▸ EXERCISE DIRECTIONS
Copy the lines below, please, starting with the one that contains "Allama Arif Wahidi" and ending with the last. Pictures stay out.

▸ SOURCE RECORDS
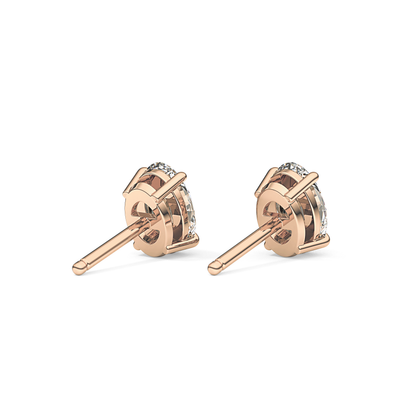 1 TCW Oval Lab Grown Diamond Stud Earrings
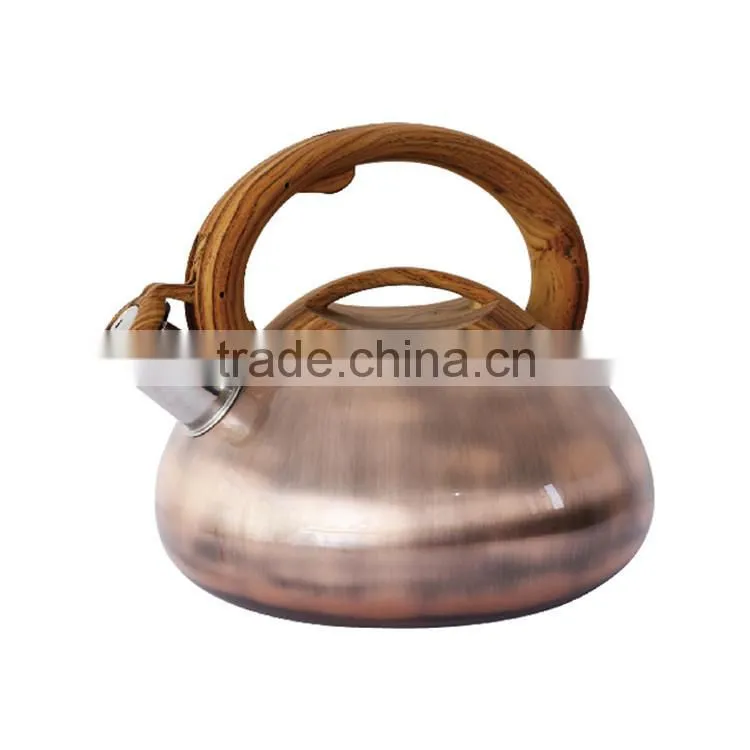 Tight-fitting lid travel non electric water whistle kettle tea kettle stainless steel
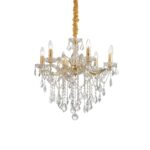 IDEAL LUX Κρεμαστό Φωτιστικό FLORIAN 6xE14 Χρυσού Χρώματος – 035635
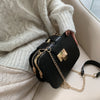 Fashion Women's Shoulder Messenger Chain Small Square Bag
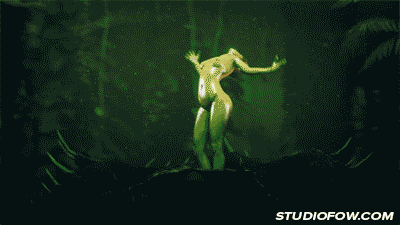 Naked poison ivy gifs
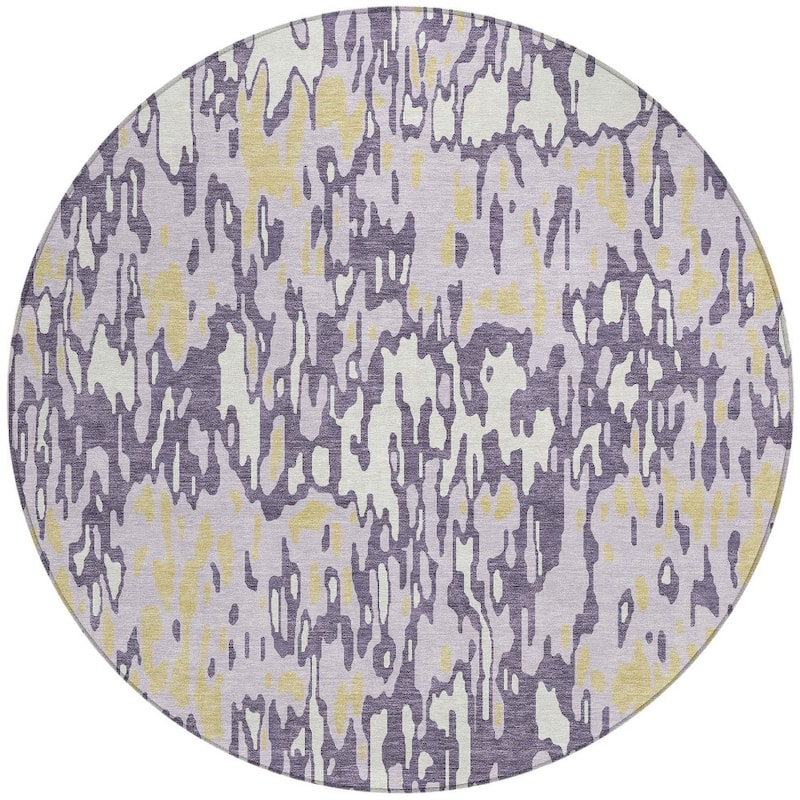 HomeRoots Striped Transitional Rectangle Outdoor Rug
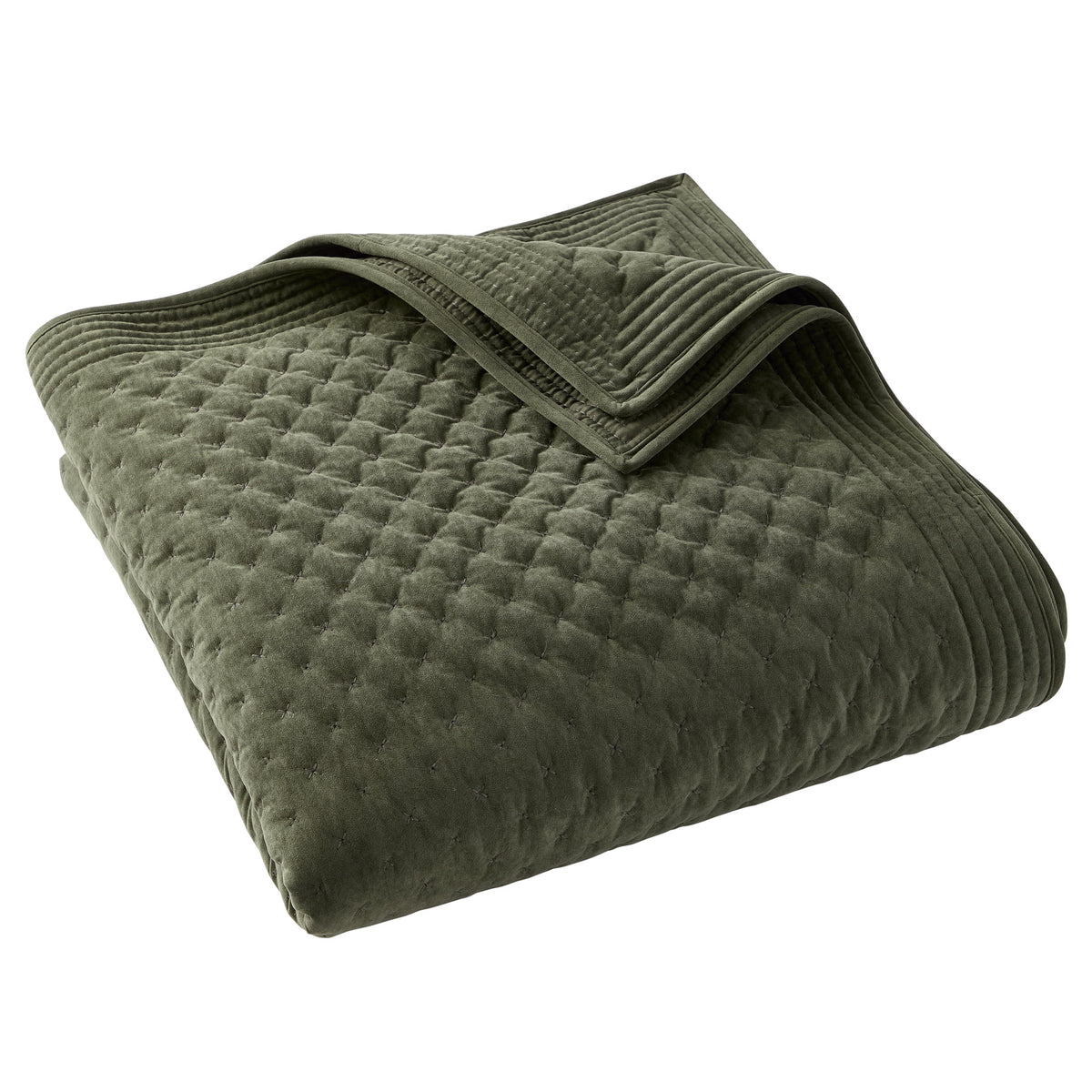 Velmora™ Tufted Matte Velvet Quilt, King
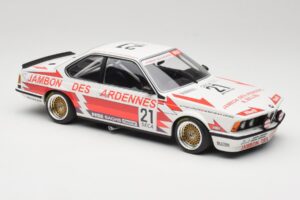 BMW 635CSi E24 Team Brun Motorsport #21 H. Grohs / T. Boutsen Spa 24 Hours 1985 Minichamps 1:18 155852521 Metalas - nuotrauka 4 iš 6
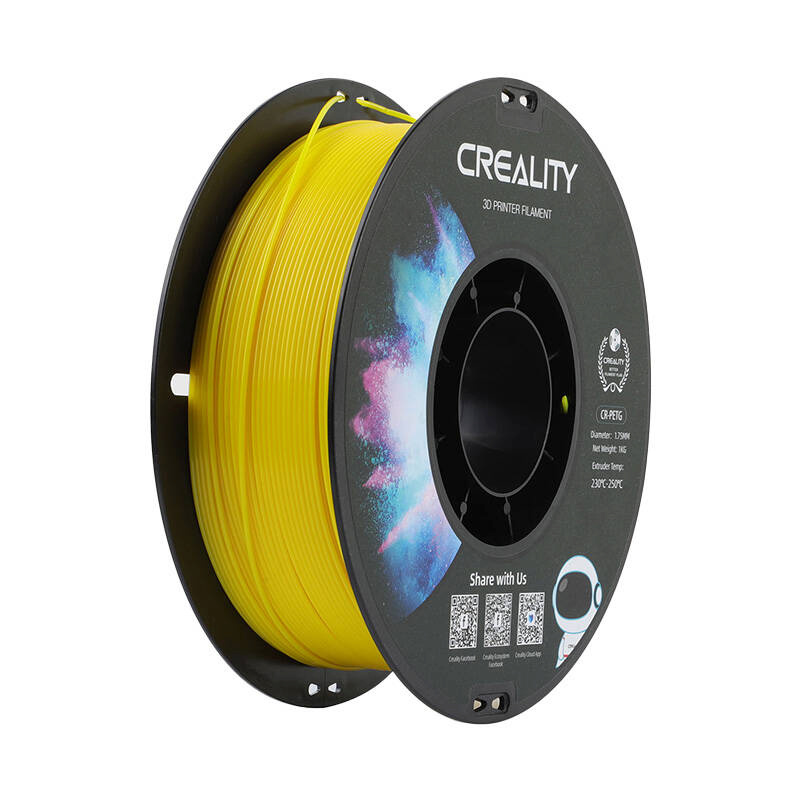 Creality 3D-printeri niit CR-PETG Filament (kollane)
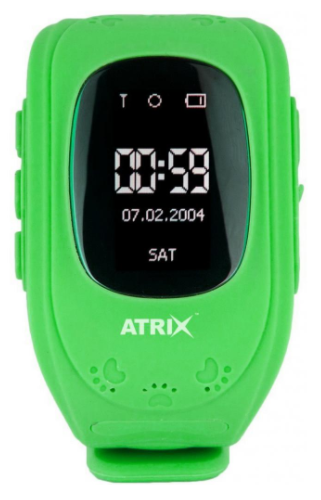 Смарт-часы ATRIX Smartwatch iQ300 GPS Green Смарт-часы ATRIX Smartwatch iQ300 GPS Green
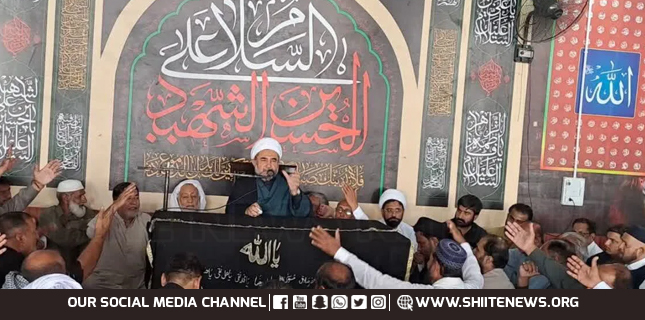 Allama Arif Wahidi Addresses Majlis-e-Aza in Mandi Bahauddin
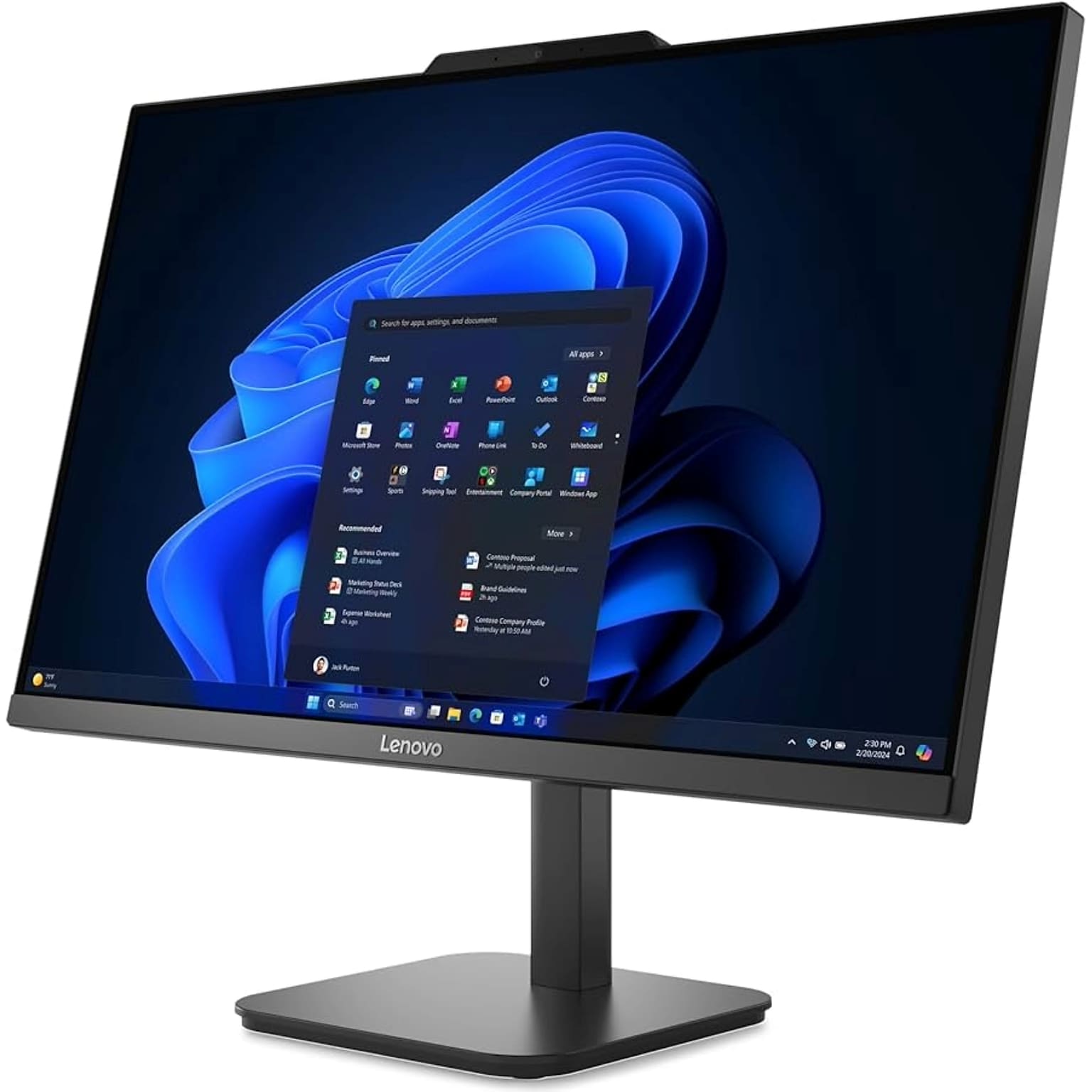 Lenovo V100 23.8 All in One Desktop Computer, Intel Celeron N100, 8GB RAM, 512GB SSD, Windows 11 Ho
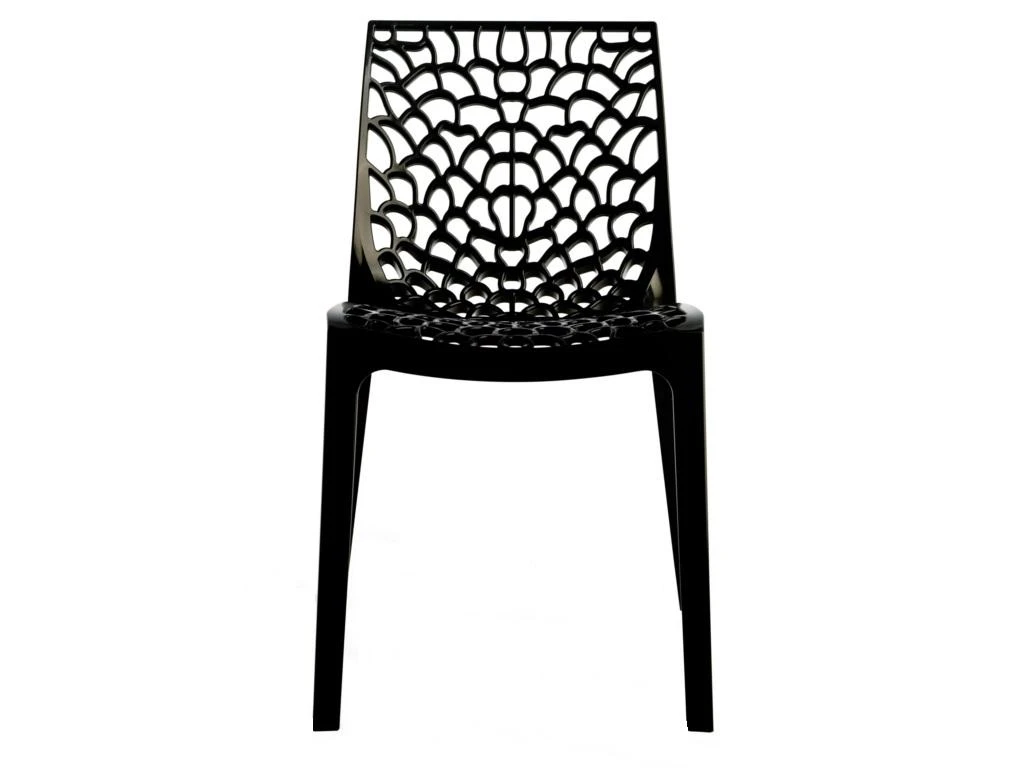 Lot De 2 Chaises Empilables DIADEME - Polypropylène - Gris Anthracite 4 Lot De 2 Chaises Empilables DIADEME - Polypropylène - Gris Anthracite – Image 2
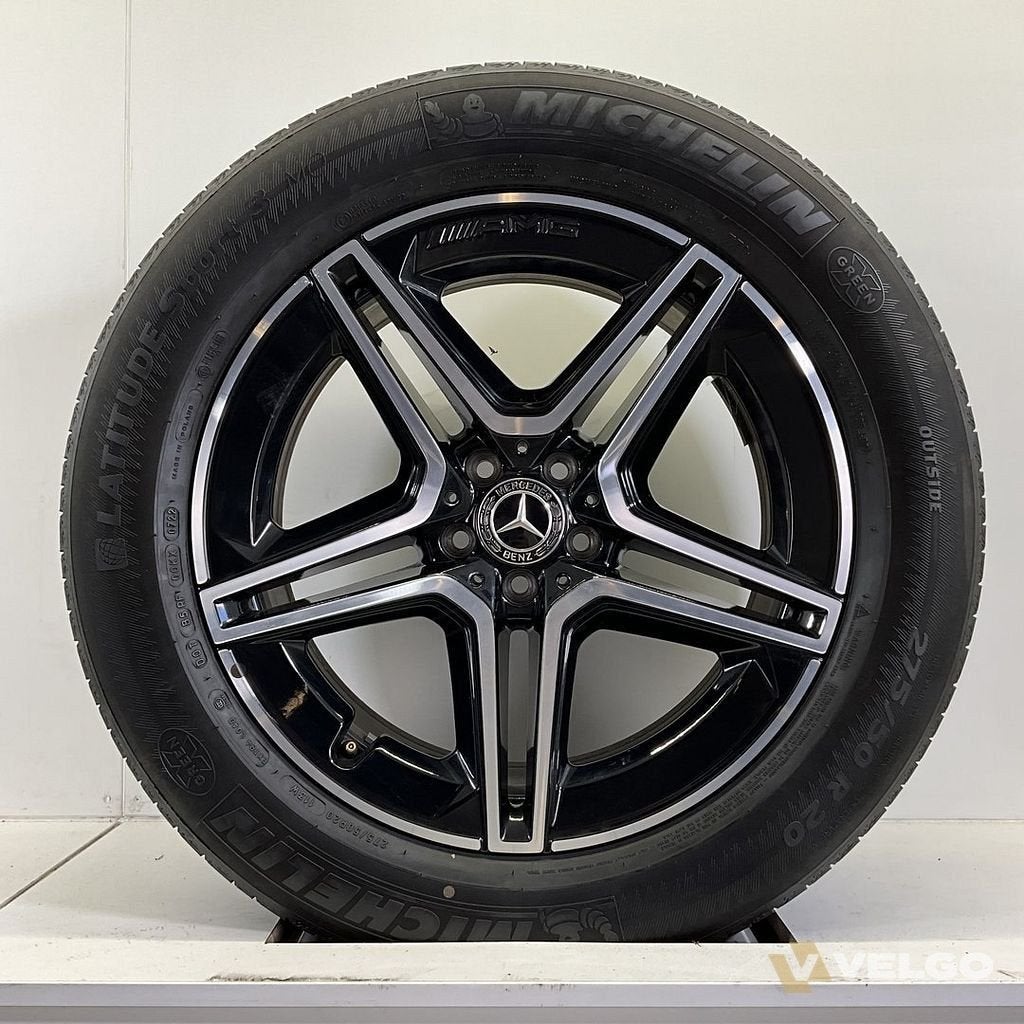 MERCEDES GLE 53 SET VELGEN + ZOMERBANDEN 20 INCH, Pneus et Jantes, Véhicule de tourisme, -, Utilisé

▸ OUTPUT OF THE TASK
 Allama Arif Wahidi Addresses Majlis-e-Aza in Mandi Bahauddin
 Lenovo V100 23.8 All in One Desktop Computer, Intel Celeron N100, 8GB RAM, 512GB SSD, Windows 11 Ho
 Lot De 2 Chaises Empilables DIADEME - Polypropylène - Gris Anthracite 4 Lot De 2 Chaises Empilables DIADEME - Polypropylène - Gris Anthracite – Image 2
 MERCEDES GLE 53 SET VELGEN + ZOMERBANDEN 20 INCH, Pneus et Jantes, Véhicule de tourisme, -, Utilisé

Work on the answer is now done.